Attraverso il matrimonio civile i futuri coniugi, oltre a suggellare la propria unione, potranno far sì che lo Stato italiano riconosca loro una serie di diritti che sono concessi unicamente a coloro che decidono di sposarsi in Comune. Si tratta di diritti pratici come il diritto a succedere, il diritto al mantenimento, il diritto di poter assistere il proprio familiare all’interno delle strutture sanitarie senza incorrere in alcun problema di carattere burocratico.

Al contrario del matrimonio religioso, il matrimonio civile è disciplinato esclusivamente dalle leggi del nostro Stato, che ne regola il procedimento, i tempi ed elenca diritti e doveri dei coniugi.

Iter e documenti da presentare

Per poter dare il via al procedimento burocratico, occorre presentarsi presso l‘Ufficio Matrimonio di stato civile del Comune. Per procedere alle pubblicazioni delle nozze è sufficiente che si presenti davanti all’ufficiale di stato civile anche solo uno dei partner, purché questo disponga di una delega scritta che lo autorizzi ad agire anche in nome dell’altra persona e abbia copia del documento. Le pubblicazioni possono essere richieste anche da una terza persona, purché questa abbia delega firmata da entrambi gli interessati e loro copia dei documenti.
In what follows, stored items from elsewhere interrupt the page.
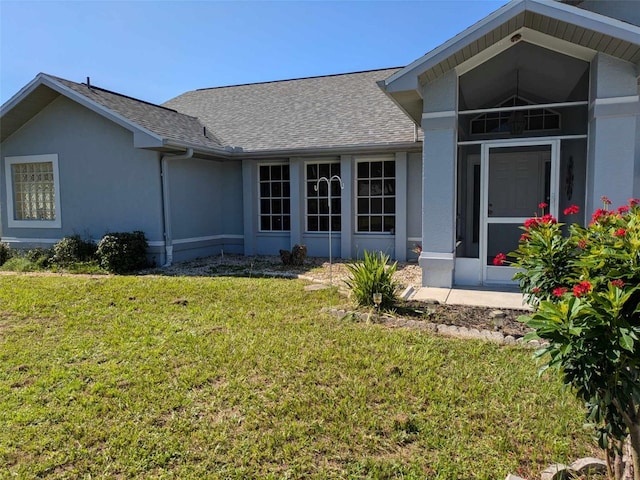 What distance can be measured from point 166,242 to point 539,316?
10103mm

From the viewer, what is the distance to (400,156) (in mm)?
11102

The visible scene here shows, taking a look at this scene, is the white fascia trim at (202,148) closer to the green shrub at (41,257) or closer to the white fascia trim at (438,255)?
the green shrub at (41,257)

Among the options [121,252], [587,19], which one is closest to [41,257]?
[121,252]

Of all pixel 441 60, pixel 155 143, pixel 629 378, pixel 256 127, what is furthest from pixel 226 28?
pixel 629 378

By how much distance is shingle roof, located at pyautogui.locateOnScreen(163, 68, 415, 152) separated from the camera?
11758 mm

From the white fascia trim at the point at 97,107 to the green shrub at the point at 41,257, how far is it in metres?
4.00

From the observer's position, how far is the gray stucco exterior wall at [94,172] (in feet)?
35.6

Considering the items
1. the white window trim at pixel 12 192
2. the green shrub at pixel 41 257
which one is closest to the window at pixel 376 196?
the green shrub at pixel 41 257

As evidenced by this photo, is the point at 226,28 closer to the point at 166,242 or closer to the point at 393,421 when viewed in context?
the point at 166,242

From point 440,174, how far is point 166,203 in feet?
22.9

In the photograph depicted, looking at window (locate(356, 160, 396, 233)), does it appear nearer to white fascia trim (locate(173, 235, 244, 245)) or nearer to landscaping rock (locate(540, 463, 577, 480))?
white fascia trim (locate(173, 235, 244, 245))

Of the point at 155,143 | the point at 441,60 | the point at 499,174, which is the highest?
the point at 441,60

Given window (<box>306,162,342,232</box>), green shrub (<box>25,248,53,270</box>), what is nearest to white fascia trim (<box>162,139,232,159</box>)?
window (<box>306,162,342,232</box>)

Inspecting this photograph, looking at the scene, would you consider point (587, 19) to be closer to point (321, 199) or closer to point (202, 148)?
point (321, 199) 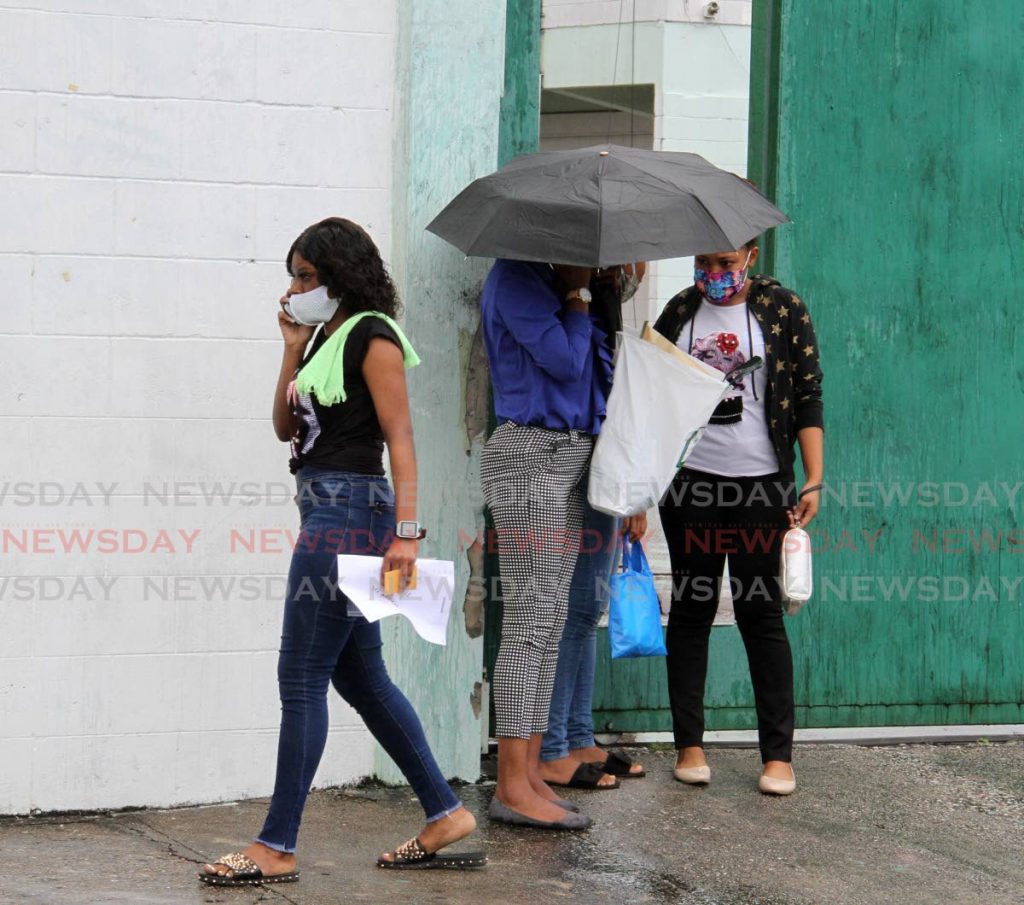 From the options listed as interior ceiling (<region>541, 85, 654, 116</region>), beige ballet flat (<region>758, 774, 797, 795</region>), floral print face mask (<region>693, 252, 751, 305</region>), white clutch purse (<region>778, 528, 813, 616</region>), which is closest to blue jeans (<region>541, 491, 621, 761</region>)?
white clutch purse (<region>778, 528, 813, 616</region>)

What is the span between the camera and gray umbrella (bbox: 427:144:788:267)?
473cm

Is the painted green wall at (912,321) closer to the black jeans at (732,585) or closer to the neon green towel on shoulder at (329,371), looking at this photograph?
the black jeans at (732,585)

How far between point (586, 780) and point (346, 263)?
209cm

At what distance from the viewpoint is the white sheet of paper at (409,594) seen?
13.6ft

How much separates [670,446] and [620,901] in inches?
58.2

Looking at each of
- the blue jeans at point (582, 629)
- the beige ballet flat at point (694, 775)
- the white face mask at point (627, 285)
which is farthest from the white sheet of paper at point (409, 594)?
the beige ballet flat at point (694, 775)

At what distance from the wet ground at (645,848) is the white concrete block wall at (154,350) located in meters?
0.32

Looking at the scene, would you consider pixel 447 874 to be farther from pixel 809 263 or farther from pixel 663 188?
pixel 809 263

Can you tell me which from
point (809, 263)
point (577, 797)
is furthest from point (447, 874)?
point (809, 263)

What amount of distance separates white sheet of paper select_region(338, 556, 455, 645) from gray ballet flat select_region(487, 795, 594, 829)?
0.86m

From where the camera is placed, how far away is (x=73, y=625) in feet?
16.5

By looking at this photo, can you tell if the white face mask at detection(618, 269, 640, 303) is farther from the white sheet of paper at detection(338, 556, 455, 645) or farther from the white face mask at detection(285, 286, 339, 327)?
the white sheet of paper at detection(338, 556, 455, 645)

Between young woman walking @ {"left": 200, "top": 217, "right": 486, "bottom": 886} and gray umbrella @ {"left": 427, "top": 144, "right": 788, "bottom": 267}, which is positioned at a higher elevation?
gray umbrella @ {"left": 427, "top": 144, "right": 788, "bottom": 267}

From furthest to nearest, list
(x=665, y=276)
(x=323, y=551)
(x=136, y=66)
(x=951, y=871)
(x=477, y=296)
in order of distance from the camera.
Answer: (x=665, y=276)
(x=477, y=296)
(x=136, y=66)
(x=951, y=871)
(x=323, y=551) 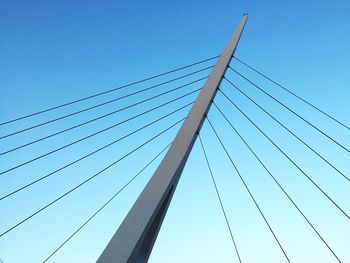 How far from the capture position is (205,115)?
9281mm

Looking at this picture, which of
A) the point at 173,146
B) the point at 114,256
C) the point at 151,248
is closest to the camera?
the point at 114,256

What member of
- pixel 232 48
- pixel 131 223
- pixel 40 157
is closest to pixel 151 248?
pixel 131 223

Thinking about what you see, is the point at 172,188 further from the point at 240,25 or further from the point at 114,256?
the point at 240,25

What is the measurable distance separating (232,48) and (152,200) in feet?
17.9

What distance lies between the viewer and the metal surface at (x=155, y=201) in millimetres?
6781

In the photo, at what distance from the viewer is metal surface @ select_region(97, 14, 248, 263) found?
678 centimetres

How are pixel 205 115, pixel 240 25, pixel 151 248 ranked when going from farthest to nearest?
pixel 240 25
pixel 205 115
pixel 151 248

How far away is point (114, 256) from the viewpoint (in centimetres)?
659

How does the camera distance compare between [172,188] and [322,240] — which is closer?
[322,240]

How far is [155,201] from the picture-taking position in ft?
24.4

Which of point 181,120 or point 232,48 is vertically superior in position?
point 232,48

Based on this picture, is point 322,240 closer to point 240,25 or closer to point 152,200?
point 152,200

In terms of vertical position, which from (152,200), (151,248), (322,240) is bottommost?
(322,240)

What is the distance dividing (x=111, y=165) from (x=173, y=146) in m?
2.26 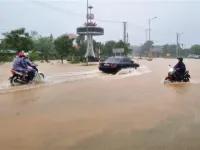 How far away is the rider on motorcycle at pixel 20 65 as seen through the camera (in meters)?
13.2

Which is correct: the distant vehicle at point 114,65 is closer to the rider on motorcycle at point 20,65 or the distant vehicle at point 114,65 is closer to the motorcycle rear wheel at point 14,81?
the rider on motorcycle at point 20,65

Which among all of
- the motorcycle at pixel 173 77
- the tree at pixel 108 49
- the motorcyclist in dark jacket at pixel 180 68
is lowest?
the motorcycle at pixel 173 77

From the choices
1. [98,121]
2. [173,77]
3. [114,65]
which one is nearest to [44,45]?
[114,65]

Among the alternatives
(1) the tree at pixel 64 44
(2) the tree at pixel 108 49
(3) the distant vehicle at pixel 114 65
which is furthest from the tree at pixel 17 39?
(2) the tree at pixel 108 49

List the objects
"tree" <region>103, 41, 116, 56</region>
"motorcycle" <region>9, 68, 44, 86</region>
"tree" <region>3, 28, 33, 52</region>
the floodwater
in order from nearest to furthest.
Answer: the floodwater, "motorcycle" <region>9, 68, 44, 86</region>, "tree" <region>3, 28, 33, 52</region>, "tree" <region>103, 41, 116, 56</region>

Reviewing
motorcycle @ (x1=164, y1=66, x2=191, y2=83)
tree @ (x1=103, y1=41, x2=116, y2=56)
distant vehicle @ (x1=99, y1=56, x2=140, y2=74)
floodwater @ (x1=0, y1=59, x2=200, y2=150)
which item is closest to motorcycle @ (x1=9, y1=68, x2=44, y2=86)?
floodwater @ (x1=0, y1=59, x2=200, y2=150)

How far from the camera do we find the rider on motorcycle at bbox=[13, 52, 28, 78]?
13164 mm

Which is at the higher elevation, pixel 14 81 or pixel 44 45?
pixel 44 45

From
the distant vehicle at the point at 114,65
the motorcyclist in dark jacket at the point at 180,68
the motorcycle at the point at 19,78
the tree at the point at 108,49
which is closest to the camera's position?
the motorcycle at the point at 19,78

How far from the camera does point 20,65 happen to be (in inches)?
523

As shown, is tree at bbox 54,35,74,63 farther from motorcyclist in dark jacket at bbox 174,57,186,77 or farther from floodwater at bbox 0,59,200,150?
floodwater at bbox 0,59,200,150

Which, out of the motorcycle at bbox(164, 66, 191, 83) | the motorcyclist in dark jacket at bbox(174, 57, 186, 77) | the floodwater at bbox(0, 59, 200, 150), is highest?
the motorcyclist in dark jacket at bbox(174, 57, 186, 77)

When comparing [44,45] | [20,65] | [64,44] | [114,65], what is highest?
[44,45]

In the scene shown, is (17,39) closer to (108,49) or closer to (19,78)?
(19,78) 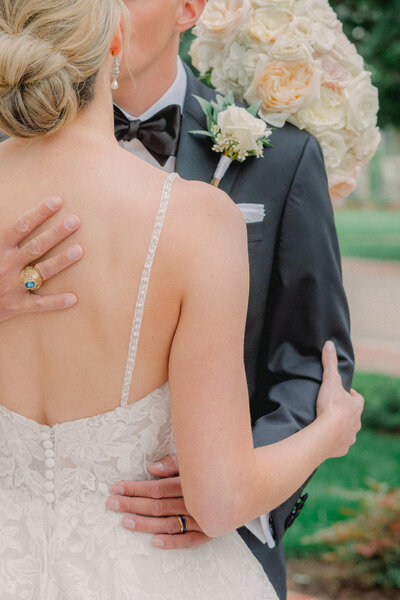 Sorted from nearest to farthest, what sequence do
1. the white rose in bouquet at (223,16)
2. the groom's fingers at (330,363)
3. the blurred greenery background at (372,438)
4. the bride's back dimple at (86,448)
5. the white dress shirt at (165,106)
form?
1. the bride's back dimple at (86,448)
2. the groom's fingers at (330,363)
3. the white rose in bouquet at (223,16)
4. the white dress shirt at (165,106)
5. the blurred greenery background at (372,438)

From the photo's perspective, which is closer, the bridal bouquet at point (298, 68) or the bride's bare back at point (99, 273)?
the bride's bare back at point (99, 273)

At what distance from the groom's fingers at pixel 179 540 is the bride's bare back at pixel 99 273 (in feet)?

L’ufficiale di stato civile verifica l’identità dei futuri coniugi, accerta che il matrimonio sia possibile (ad esempio controllando che nessuno dei due risulti ancora regolarmente sposato) e procede infine con le pubblicazioni, che saranno esposte alla Porta della Casa Comunale, nei Comuni di residenza di entrambi gli interessati. Al termine dell’esposizione, se nessuno segnala eventuali cause di impedimento del matrimonio, viene rilasciato il nullaosta alle nozze, che possono così celebrarsi.

Tempi

Le pubblicazioni restano esposte per otto giorni. Al termine di questo periodo l’ufficiale di stato civile attende ancora tre giorni e se nessuna opposizione alle nozze viene presentata, rilascia il nullaosta per la celebrazione delle stesse. Il matrimonio civile deve avvenire entro il termine di centottanta giorni dalla scadenza delle pubblicazioni, altrimenti tutti i documenti prodotti perderanno di validità. Volendo tracciare un bilancio complessivo dei tempi richiesti per un rito civile, questi si aggirano intorno ai venticinque giorni (compresi di iter per le pubblicazioni e tempi di affissione delle pubblicazioni stesse).

Costi

I costi per il matrimonio civile sono piuttosto contenuti e riguardano soprattutto il pagamento di alcuni oneri burocratici. Se i futuri coniugi sono entrambi residenti nello stesso Comune occorre una sola marca da bollo di 14,62 euro; qualora uno dei due risieda in altro Comune, le marche da bollo da 14,62 euro da acquistare sono due. Se si richiede la celebrazione del matrimonio in altro Comune, occorre sempre una marca da bollo da 14,62 euro.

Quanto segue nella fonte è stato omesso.